Work item ▸ Write out, please, each line from the one containing "4733 Huron Dr, Pensacola, FL 32507" to the final line of the data, both included, exactly and without pictures.

::: Data segment :::

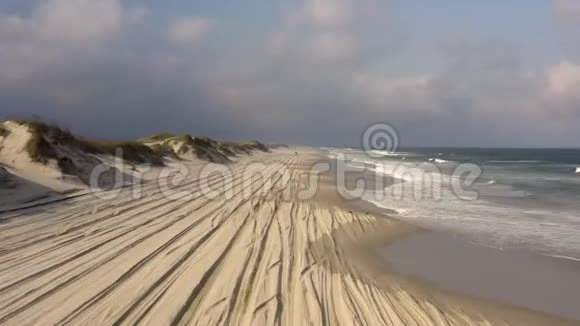 在海滩上的沙滩上鸟瞰沙路4k视频的预览图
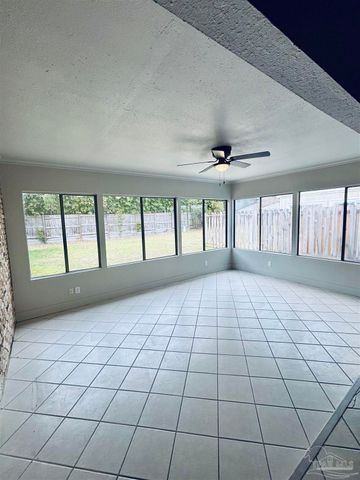 4733 Huron Dr, Pensacola, FL 32507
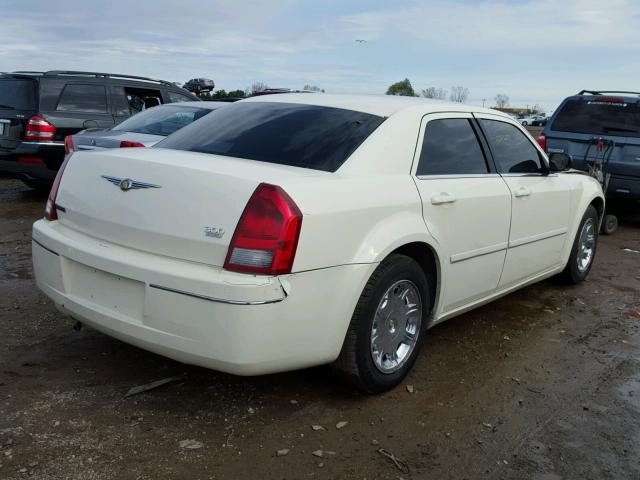 2C3JA53G25H691871 - 2005 CHRYSLER 300 WHITE photo 4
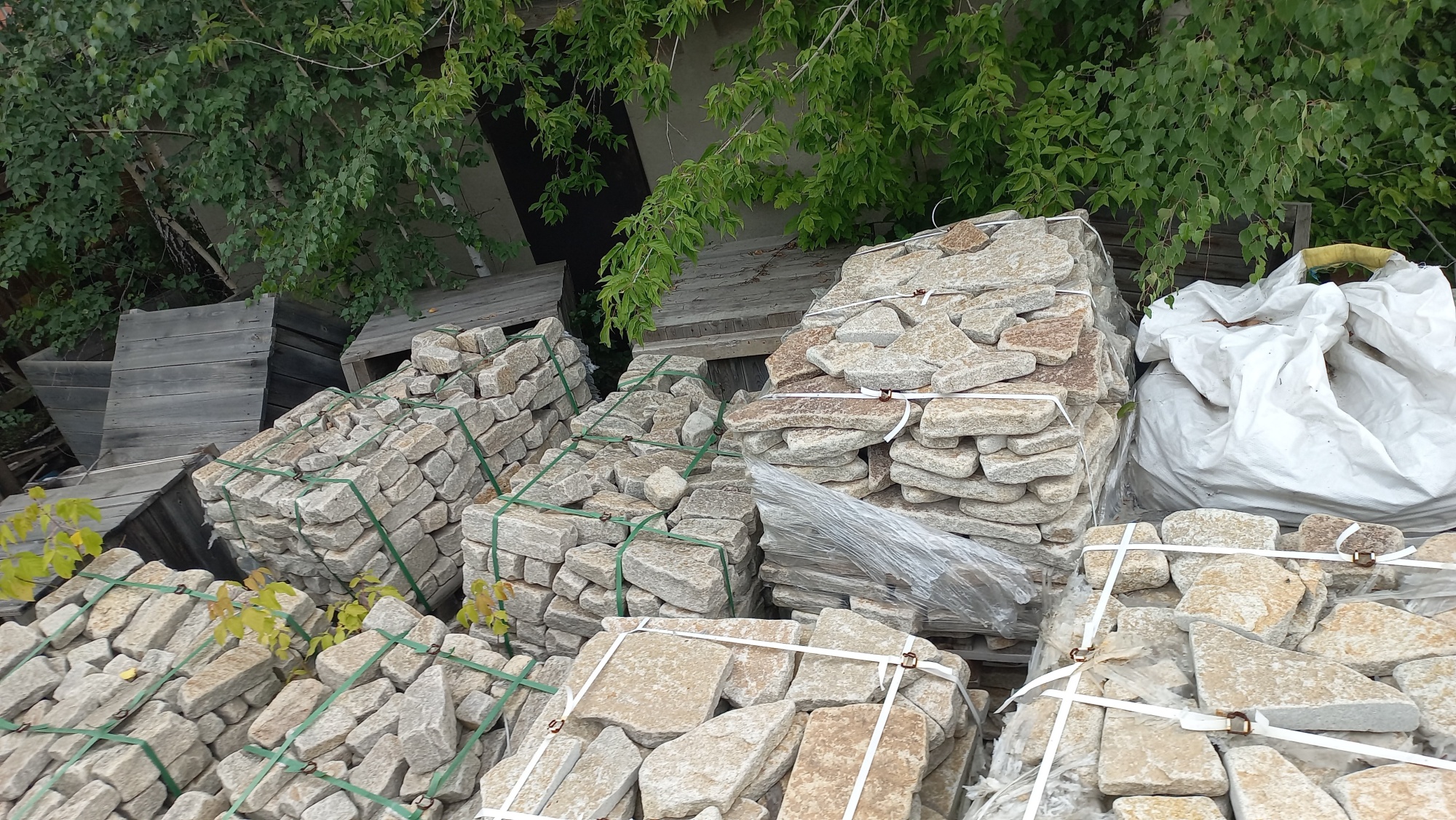 Плитняк гранитный галтованный купить в Юрюзани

:::

Exercise result ▸
 4733 Huron Dr, Pensacola, FL 32507
 2C3JA53G25H691871 - 2005 CHRYSLER 300 WHITE photo 4
 Плитняк гранитный галтованный купить в Юрюзани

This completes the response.